A crazy March snow/ice storm has me sitting at home, trying to take advantage of an unexpected day home from work to tackle my overwhelming to-do list. I'm a person who likes to be busy most of the time, and generally thrive on a packed schedule. Lately, though, I'm even busier than I like to be, and there's no quick fix. I just keep trudging along, trying not to fall too far behind on the most urgent tasks, and desperately wishing I had time to build toward a better future.
Meanwhile, I have also been experiencing a bit of a midlife crisis! That term has a pretty negative connotation though, and my experience has been mostly positive, so I prefer to call it a midlife crossroads. The past year of my life has been beyond difficult, leading me to spend a lot of time wondering how I got where I am. Recently, though, I decided to look at things a little differently, and evaluate literally everything I do with my time and WHY I do it, and whether I want to KEEP doing it in the future. It was quite an eye-opening exercise!
Now I'm sort of in phase 2 of the process -- I'm at this crossroads and I know where I want to go, but I have to figure out which road will get me there. Like I said, there is no quick fix, no easy way to magically change my life into what I want it to be. Most of my goals will take quite a while to achieve, especially because I am so low on free time (not to mention money!). I have to prioritize the goals, and try chipping away at them little by little. I'm not a very patient person, so this process is frustrating, and I constantly have to give myself little pep talks about what I'm working towards and why it will all be worth it in the end.

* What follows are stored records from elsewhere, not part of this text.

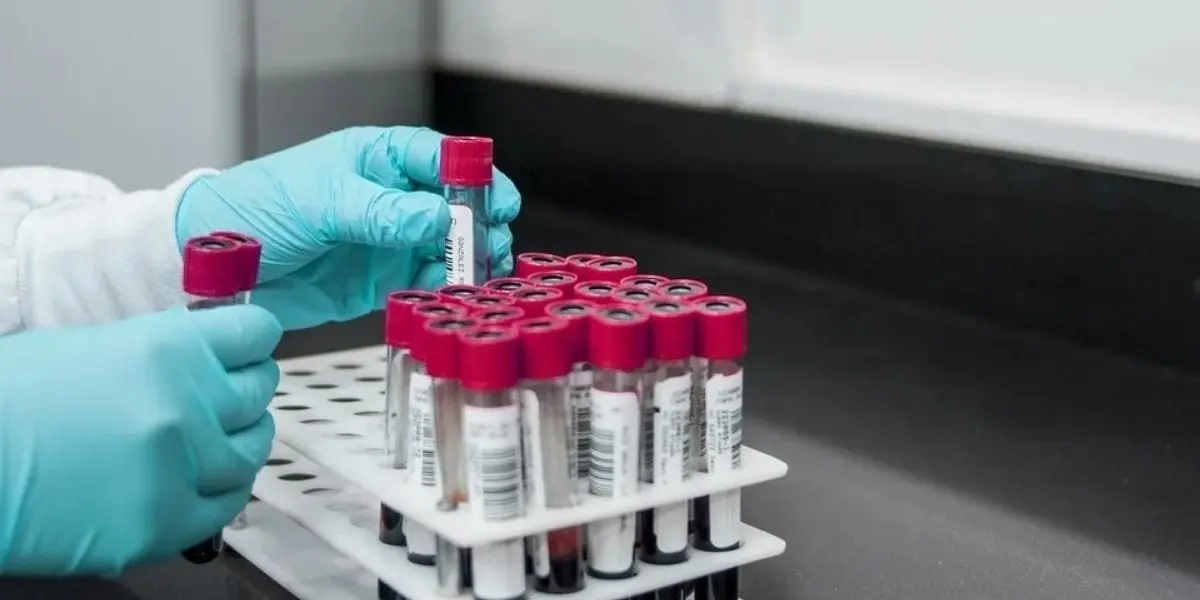 Extracción de Sangre: Tipos, Procedimiento y Cuidados - Cuántos tipos de extracción de sangre hay extraccion de sangre - Cuántos tipos de extracción de sangre hay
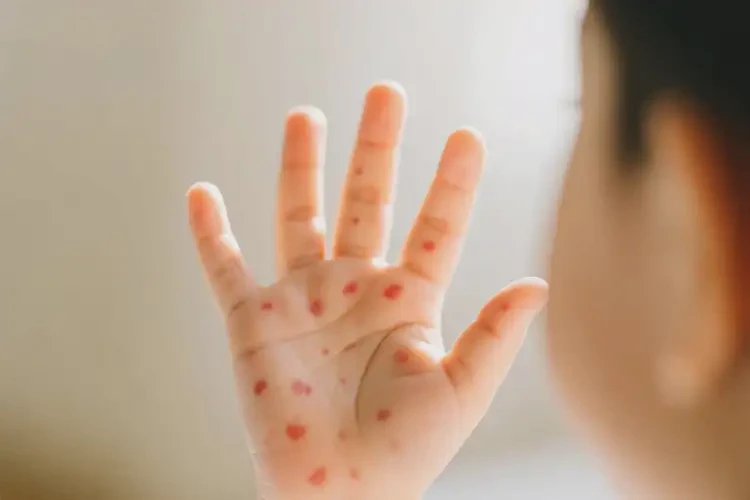 小孩手上經(jīng)常起濕疹可以治好嗎(圖4)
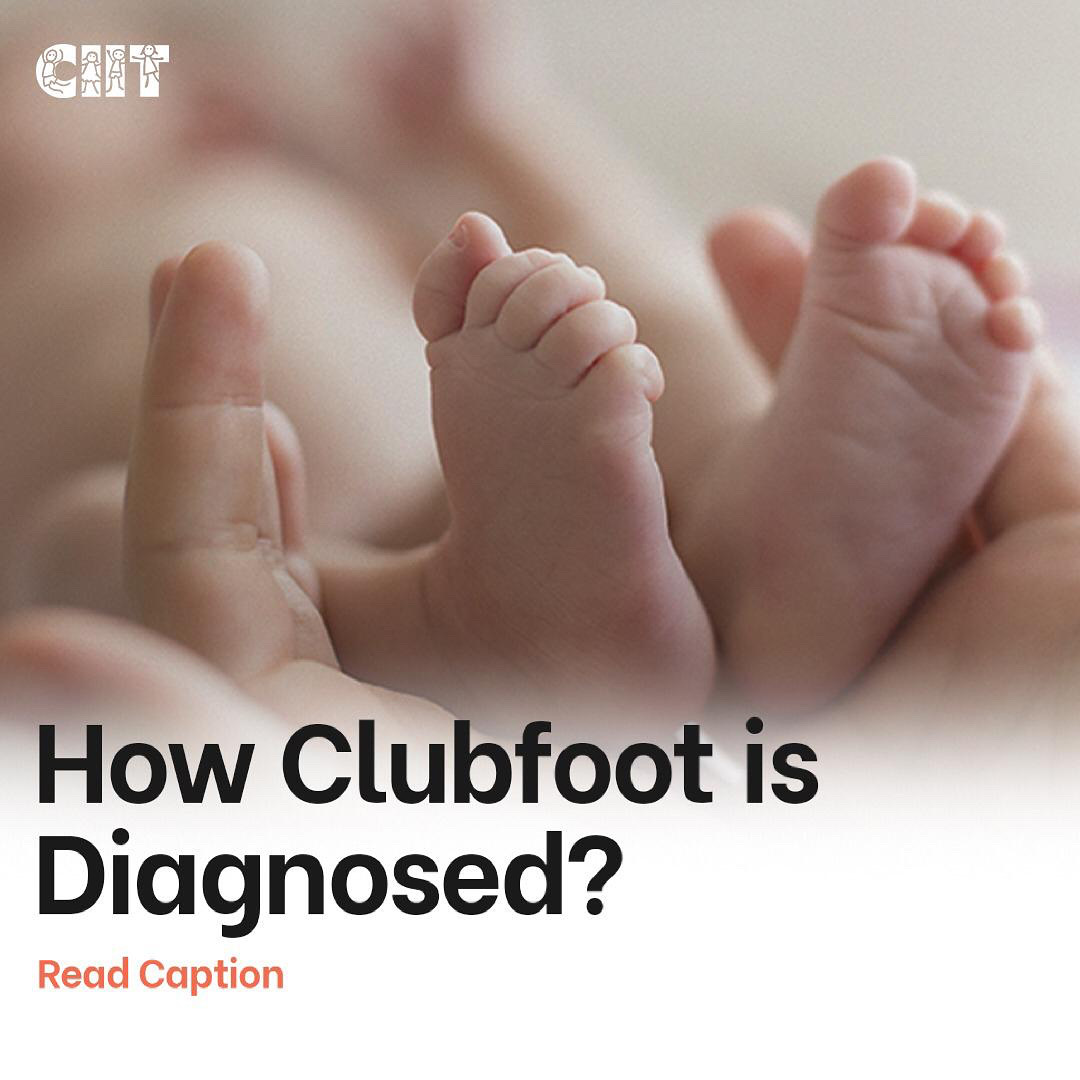 Clubfoot India Clubfoot Can Be Diagnosed During The Ultrasound Either One Or Both Feet Are Twisted Out Of Shape The Important Thing Is How Fast You Start The Treatment Clubfoot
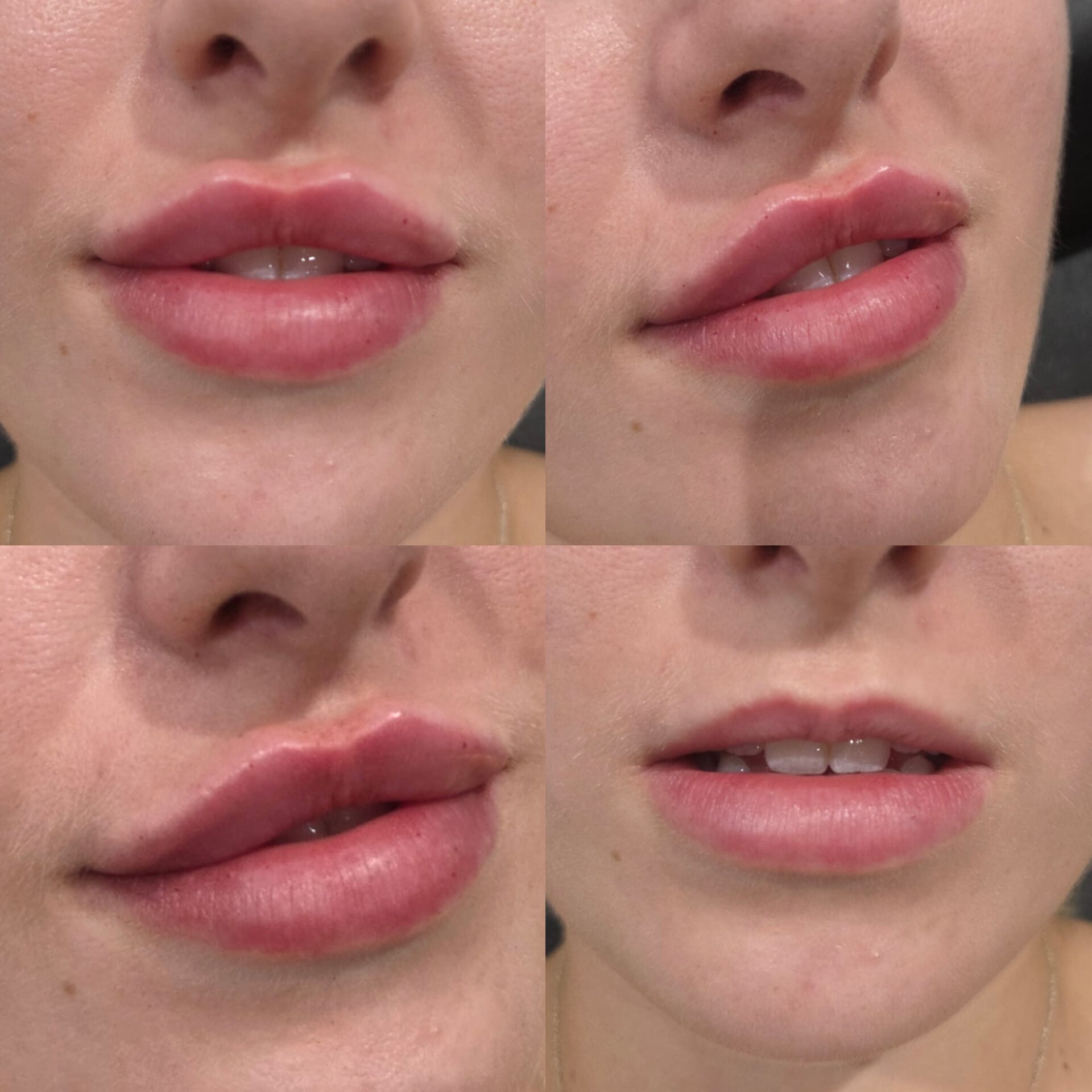 Lip filler results shown from four angles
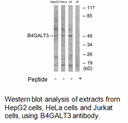 Product image for B4GALT3 Antibody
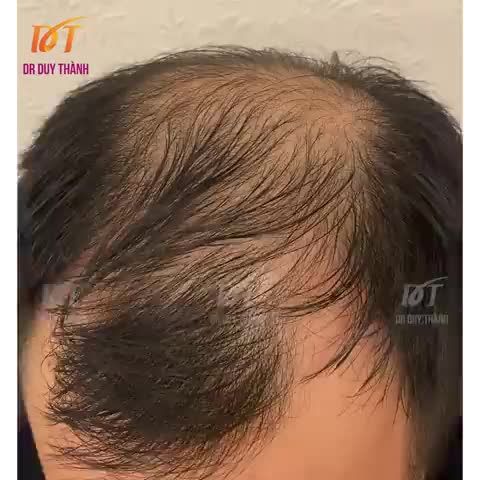 Nghỉ trưa thả nhẹ chiếc video cấy tóc tốn nhiều công lực cho bạn khách đến từ Hải Dương ngày hôm qua.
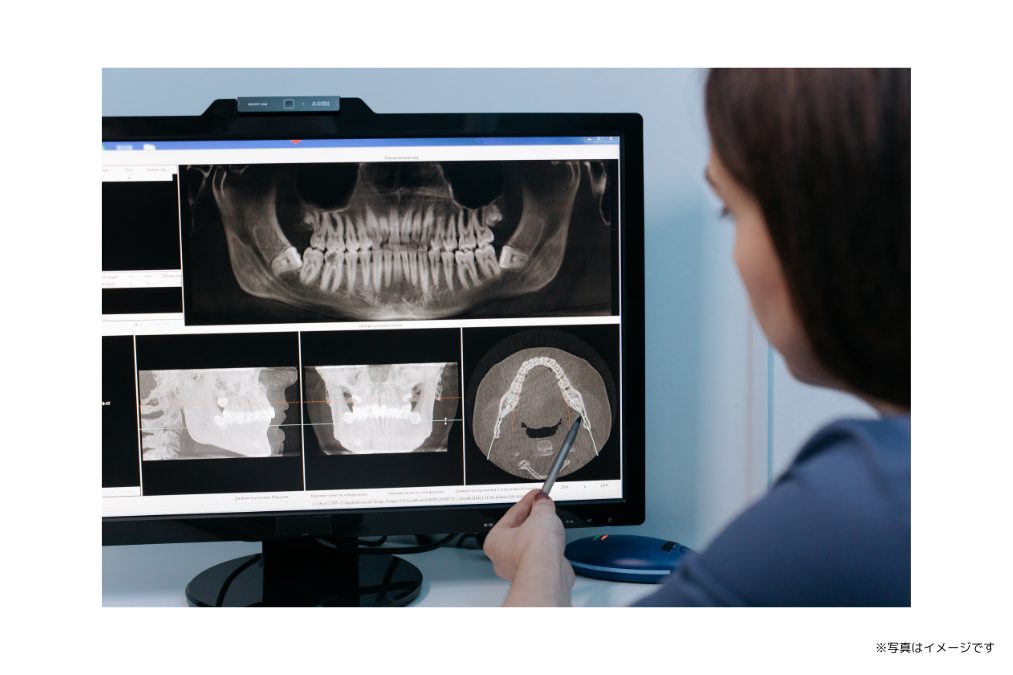 【中川原駅 徒歩12分】丁寧なケアで歯周病管理と再発予防に取り組み、安心なキッズルームを備えるあだち歯科クリニック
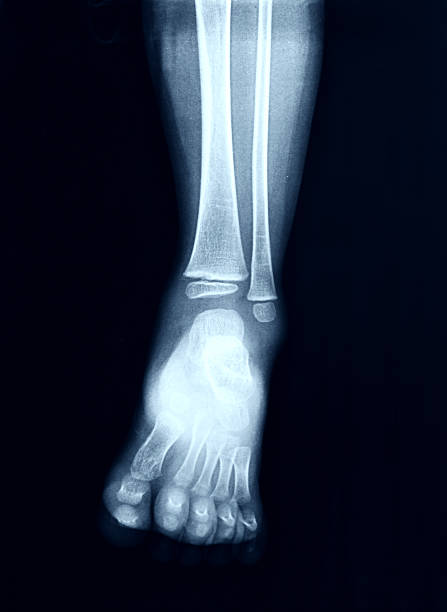 imagem de raios x do pé. - bending human foot ankle x ray image - fotografias e filmes do acervo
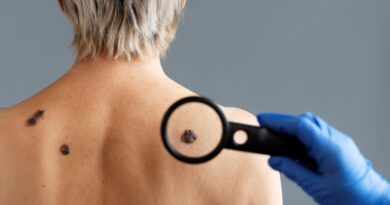 melanoma y AEDV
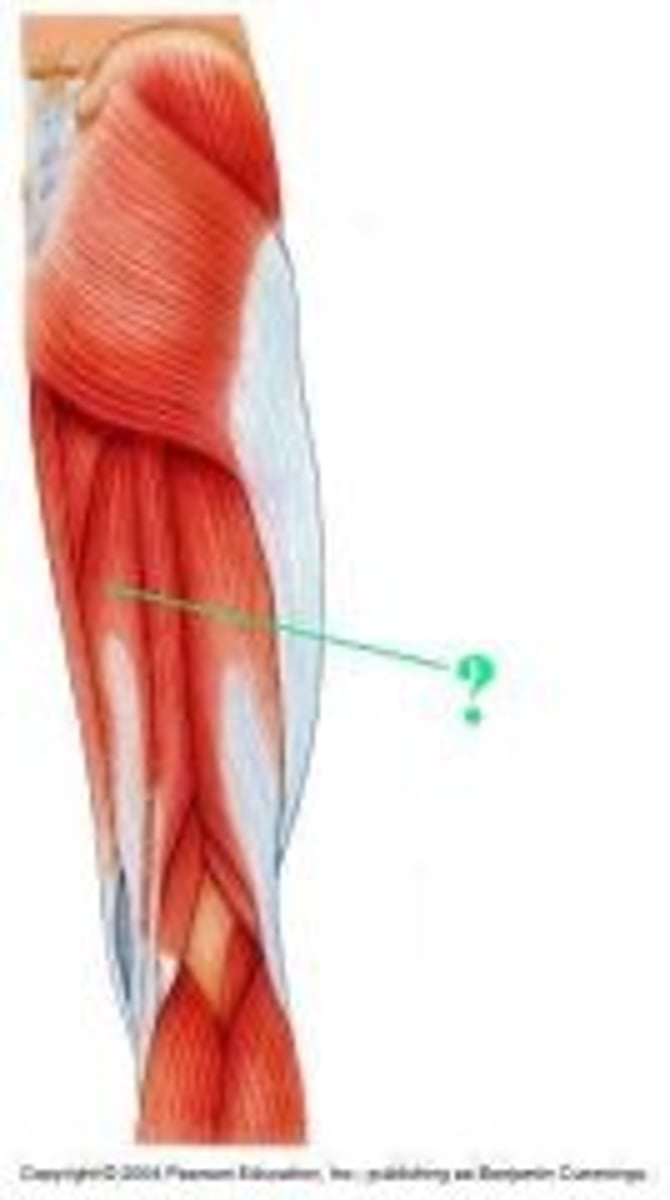 <p>Identify the indicated muscle.</p>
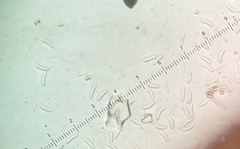 Sclerencoelia
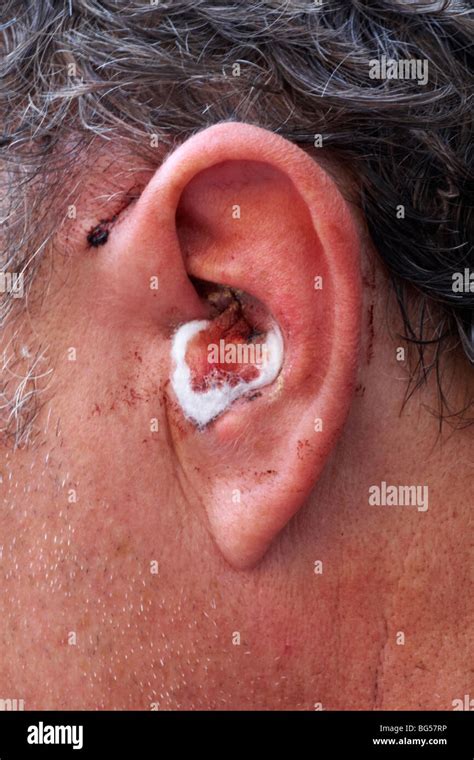 Bleeding ear hi-res stock photography and images - Alamy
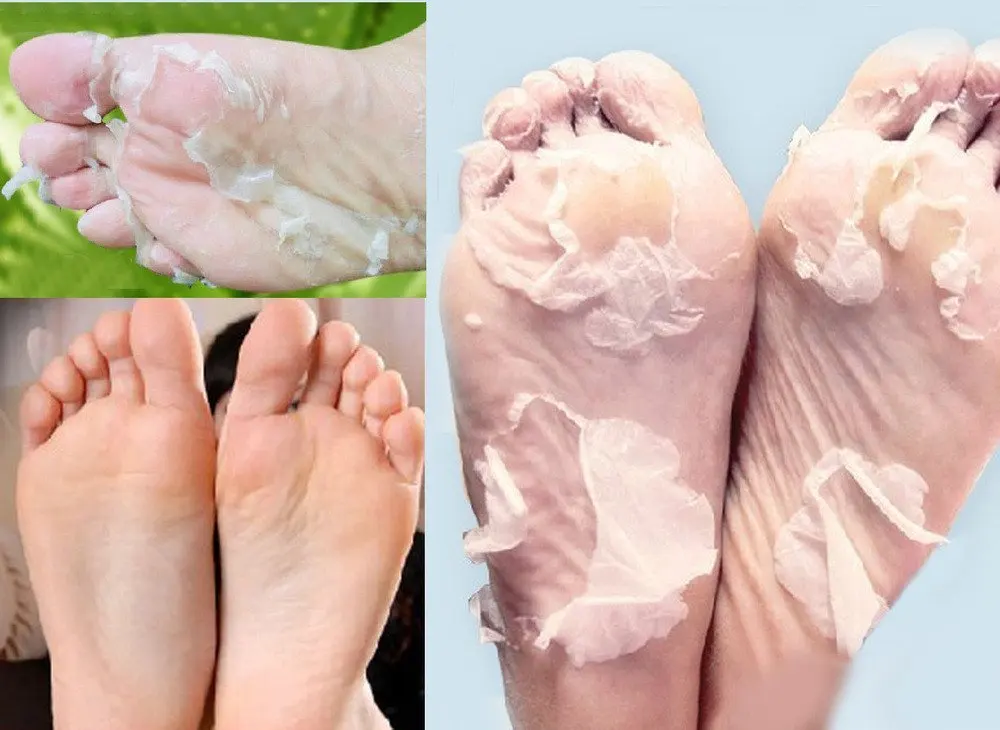 Scala 3 Packs=6pcs Exfoliating Foot Mask Socks Milk Bamboo Vinegar Peeling Mask Foot Care Mask Foot Spa Tender Skin Baby Feet Care Pedicure Socks (3 Packs)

Unfortunately, my triathlon goals are not among the highest priorities, which makes me sad. This time last year, I was getting back on the bike and in the pool to start preparing for another season. I was hoping to attempt an Olympic-distance race last year, but that dream was put on hold when I lost my job in May. I was left with only the Iron Girl sprint to complete again, but I tried to channel my disappointment into hoping for a better year in 2017! Well, now it's the third month of 2017, and I am still broke, and I have two unresolved injuries I can't afford to get treatment for, and pretty much zero time to train. At the same time, amidst my midlife crossroads soul-searching, I concluded that triathlon truly is something I love to do and I want to keep doing it as long as I possibly can! So this is one area of conflict between what is desired and what is currently feasible.
That brings us to this snowy day. I know I'm lucky to have a little extra time to get things done today (even though the trade off is losing a day's pay at my temp job!), and that should be my focus. But an email appeared in my inbox today letting me know there is a snow day discount on registration for this year's Iron Girl. Oh, how I love a discount, especially on my limited budget! And I do want to race Iron Girl again -- it would be my fourth year in a row! What a powerful temptation it is just to click "Register" and figure out how to make it happen later. I can't determine whether that would be crazy and irresponsible, or brave and ambitious. I want to be a person who has the courage to chase my dreams, but I also want -- and need -- to be a responsible adult who makes wise decisions in the best interests of the family that depends on me.
The thing about a crossroads is you have to pick a path and GO, or else you'll never get anywhere at all.
This isn't my only chance to choose the road to Iron Girl, but it's a significant moment of decision regardless.
The discount is good until noon tomorrow. What will I choose?